Original Investigation
Less Is More
November 2015

Diagnostic Accuracy of Digital Screening Mammography With and Without Computer-Aided Detection

Author Affiliations
  • 1Department of Radiology, Massachusetts General Hospital, Boston
  • 2Group Health Research Institute, Seattle, Washington
  • 3Departments of Medicine and Epidemiology and Biostatistics, University of California, San Francisco, San Francisco
  • 4Norris Cotton Cancer Center, Geisel School of Medicine at Dartmouth, Dartmouth College, Lebanon, New Hampshire
  • 5Department of Public Health Sciences, School of Medicine, University of California, Davis

Copyright 2015 American Medical Association. All Rights Reserved. Applicable FARS/DFARS Restrictions Apply to Government Use.

JAMA Intern Med. 2015;175(11):1828-1837. doi:10.1001/jamainternmed.2015.5231

Importance  After the US Food and Drug Administration (FDA) approved computer-aided detection (CAD) for mammography in 1998, and the Centers for Medicare and Medicaid Services (CMS) provided increased payment in 2002, CAD technology disseminated rapidly. Despite sparse evidence that CAD improves accuracy of mammographic interpretations and costs over $400 million a year, CAD is currently used for most screening mammograms in the United States.

Objective  To measure performance of digital screening mammography with and without CAD in US community practice.

Design, Setting, and Participants  We compared the accuracy of digital screening mammography interpreted with (n = 495 818) vs without (n = 129 807) CAD from 2003 through 2009 in 323 973 women. Mammograms were interpreted by 271 radiologists from 66 facilities in the Breast Cancer Surveillance Consortium. Linkage with tumor registries identified 3159 breast cancers in 323 973 women within 1 year of the screening.

Main Outcomes and Measures  Mammography performance (sensitivity, specificity, and screen-detected and interval cancers per 1000 women) was modeled using logistic regression with radiologist-specific random effects to account for correlation among examinations interpreted by the same radiologist, adjusting for patient age, race/ethnicity, time since prior mammogram, examination year, and registry. Conditional logistic regression was used to compare performance among 107 radiologists who interpreted mammograms both with and without CAD.

Results  Screening performance was not improved with CAD on any metric assessed. Mammography sensitivity was 85.3% (95% CI, 83.6%-86.9%) with and 87.3% (95% CI, 84.5%-89.7%) without CAD. Specificity was 91.6% (95% CI, 91.0%-92.2%) with and 91.4% (95% CI, 90.6%-92.0%) without CAD. There was no difference in cancer detection rate (4.1 in 1000 women screened with and without CAD). Computer-aided detection did not improve intraradiologist performance.

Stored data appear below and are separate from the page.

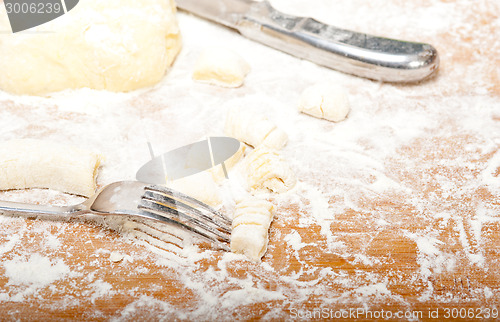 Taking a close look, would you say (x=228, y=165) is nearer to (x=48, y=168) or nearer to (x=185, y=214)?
(x=185, y=214)

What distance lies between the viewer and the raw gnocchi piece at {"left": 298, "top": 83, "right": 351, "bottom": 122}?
4.56ft

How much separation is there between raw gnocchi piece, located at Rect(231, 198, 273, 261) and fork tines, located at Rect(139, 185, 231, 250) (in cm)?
3

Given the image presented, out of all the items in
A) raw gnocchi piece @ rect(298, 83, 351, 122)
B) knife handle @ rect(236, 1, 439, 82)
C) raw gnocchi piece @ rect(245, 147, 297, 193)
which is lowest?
raw gnocchi piece @ rect(245, 147, 297, 193)

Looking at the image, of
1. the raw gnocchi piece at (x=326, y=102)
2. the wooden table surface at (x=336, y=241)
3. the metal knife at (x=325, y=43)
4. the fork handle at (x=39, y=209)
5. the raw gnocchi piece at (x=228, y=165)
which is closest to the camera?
the wooden table surface at (x=336, y=241)

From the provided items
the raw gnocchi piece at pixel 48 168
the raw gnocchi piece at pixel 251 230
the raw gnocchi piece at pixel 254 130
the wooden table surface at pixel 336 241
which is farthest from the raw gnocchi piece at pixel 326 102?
the raw gnocchi piece at pixel 48 168

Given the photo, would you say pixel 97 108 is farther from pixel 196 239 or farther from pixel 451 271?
pixel 451 271

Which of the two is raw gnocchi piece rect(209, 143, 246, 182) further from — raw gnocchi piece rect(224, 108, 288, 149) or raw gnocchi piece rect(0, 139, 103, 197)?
raw gnocchi piece rect(0, 139, 103, 197)

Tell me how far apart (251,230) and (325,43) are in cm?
78

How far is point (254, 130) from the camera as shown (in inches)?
51.3

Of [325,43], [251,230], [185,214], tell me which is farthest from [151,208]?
[325,43]

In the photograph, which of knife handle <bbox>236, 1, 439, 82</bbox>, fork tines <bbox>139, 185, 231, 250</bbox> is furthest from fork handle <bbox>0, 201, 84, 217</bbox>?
knife handle <bbox>236, 1, 439, 82</bbox>

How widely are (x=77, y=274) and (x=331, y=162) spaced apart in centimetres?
68

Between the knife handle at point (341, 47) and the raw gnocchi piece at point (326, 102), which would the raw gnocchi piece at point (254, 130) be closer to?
the raw gnocchi piece at point (326, 102)

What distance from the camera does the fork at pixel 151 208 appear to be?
1.05 meters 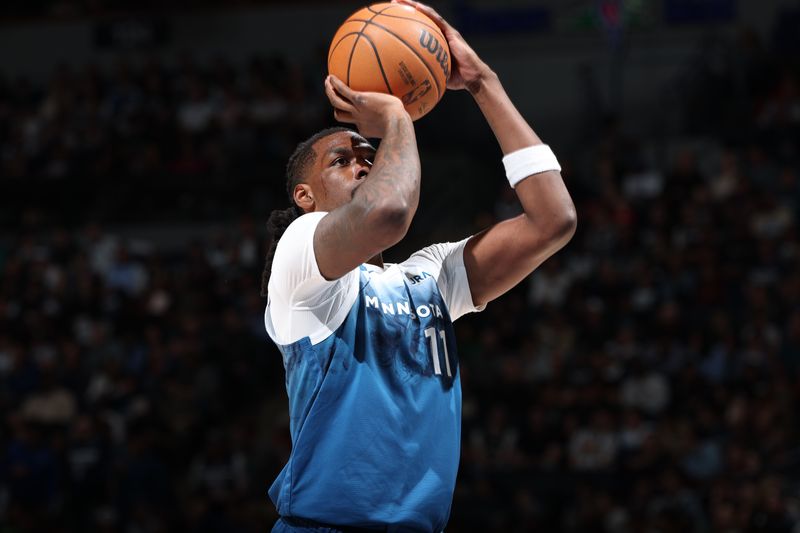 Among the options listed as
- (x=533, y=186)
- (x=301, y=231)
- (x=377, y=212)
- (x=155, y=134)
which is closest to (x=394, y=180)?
(x=377, y=212)

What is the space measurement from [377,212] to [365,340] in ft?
1.58

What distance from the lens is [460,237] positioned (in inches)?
562

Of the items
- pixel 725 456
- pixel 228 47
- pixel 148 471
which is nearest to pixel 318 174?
pixel 725 456

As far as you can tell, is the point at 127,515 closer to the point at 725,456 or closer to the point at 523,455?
the point at 523,455

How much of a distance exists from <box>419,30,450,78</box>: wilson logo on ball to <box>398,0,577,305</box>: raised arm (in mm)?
112

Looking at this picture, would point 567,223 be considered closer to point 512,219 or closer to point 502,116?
point 512,219

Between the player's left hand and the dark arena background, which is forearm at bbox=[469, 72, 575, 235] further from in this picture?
the dark arena background

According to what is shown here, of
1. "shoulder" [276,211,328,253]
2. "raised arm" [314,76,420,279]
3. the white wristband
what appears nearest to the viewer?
"raised arm" [314,76,420,279]

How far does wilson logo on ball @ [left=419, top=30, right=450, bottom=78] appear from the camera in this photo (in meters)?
3.88

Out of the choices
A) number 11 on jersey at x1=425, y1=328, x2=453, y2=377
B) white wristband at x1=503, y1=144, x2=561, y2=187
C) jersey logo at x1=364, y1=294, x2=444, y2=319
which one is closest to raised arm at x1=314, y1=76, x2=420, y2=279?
jersey logo at x1=364, y1=294, x2=444, y2=319

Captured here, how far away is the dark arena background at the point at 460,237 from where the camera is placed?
36.0 ft

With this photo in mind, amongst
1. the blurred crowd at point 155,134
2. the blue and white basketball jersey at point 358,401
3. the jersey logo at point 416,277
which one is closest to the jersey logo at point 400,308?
the blue and white basketball jersey at point 358,401

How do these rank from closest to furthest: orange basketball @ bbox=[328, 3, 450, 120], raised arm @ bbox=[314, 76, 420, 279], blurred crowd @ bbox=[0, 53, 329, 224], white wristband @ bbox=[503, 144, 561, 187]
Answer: raised arm @ bbox=[314, 76, 420, 279] < orange basketball @ bbox=[328, 3, 450, 120] < white wristband @ bbox=[503, 144, 561, 187] < blurred crowd @ bbox=[0, 53, 329, 224]

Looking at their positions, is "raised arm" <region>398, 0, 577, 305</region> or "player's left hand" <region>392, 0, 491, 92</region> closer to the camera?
"raised arm" <region>398, 0, 577, 305</region> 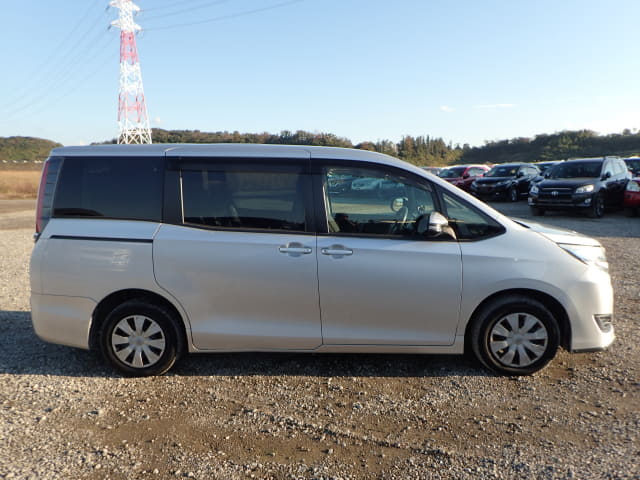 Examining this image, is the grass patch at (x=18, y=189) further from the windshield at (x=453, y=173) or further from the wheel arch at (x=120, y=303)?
the wheel arch at (x=120, y=303)

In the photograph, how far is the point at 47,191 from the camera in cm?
419

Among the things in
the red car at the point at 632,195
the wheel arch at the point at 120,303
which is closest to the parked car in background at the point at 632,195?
the red car at the point at 632,195

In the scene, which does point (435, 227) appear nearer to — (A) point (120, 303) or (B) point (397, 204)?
(B) point (397, 204)

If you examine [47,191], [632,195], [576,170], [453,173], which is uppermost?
[453,173]

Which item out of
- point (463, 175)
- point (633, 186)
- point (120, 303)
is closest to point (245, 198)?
point (120, 303)

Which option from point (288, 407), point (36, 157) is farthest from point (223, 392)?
point (36, 157)

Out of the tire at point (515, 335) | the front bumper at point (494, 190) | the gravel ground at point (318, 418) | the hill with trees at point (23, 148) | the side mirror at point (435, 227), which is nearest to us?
the gravel ground at point (318, 418)

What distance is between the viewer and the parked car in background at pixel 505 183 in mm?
21922

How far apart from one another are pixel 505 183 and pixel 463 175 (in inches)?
146

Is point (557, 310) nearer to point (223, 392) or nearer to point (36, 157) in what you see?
point (223, 392)

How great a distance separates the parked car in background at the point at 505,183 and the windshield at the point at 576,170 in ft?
15.8

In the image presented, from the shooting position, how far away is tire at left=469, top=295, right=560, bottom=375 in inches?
157

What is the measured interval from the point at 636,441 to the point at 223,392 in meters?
2.92

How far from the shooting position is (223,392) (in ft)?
12.8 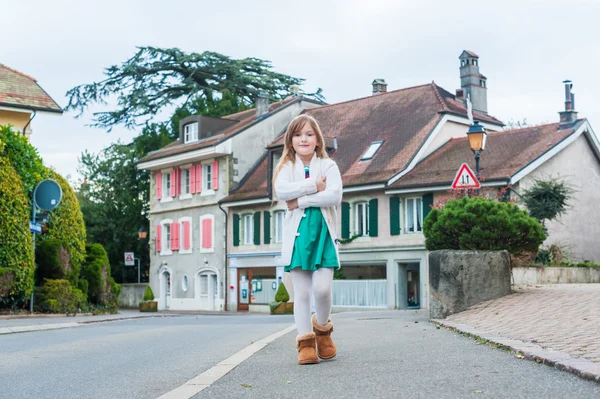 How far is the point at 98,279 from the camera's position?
24.2 meters

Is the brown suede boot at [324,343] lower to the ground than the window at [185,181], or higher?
lower

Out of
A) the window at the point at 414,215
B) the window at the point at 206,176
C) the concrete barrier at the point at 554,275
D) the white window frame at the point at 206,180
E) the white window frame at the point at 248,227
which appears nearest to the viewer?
→ the concrete barrier at the point at 554,275

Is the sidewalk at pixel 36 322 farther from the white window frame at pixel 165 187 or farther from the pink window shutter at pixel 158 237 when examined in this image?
the pink window shutter at pixel 158 237

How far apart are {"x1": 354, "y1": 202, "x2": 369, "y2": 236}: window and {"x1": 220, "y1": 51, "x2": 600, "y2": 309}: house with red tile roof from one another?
0.04m

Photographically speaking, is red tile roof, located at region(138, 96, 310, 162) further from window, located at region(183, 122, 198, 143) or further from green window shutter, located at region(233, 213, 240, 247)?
green window shutter, located at region(233, 213, 240, 247)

Sensitivity was significantly decreased for mammograms interpreted with vs without CAD in the subset of radiologists who interpreted both with and without CAD (odds ratio, 0.53; 95% CI, 0.29-0.97).

Conclusions and Relevance  Computer-aided detection does not improve diagnostic accuracy of mammography. These results suggest that insurers pay more for CAD with no established benefit to women.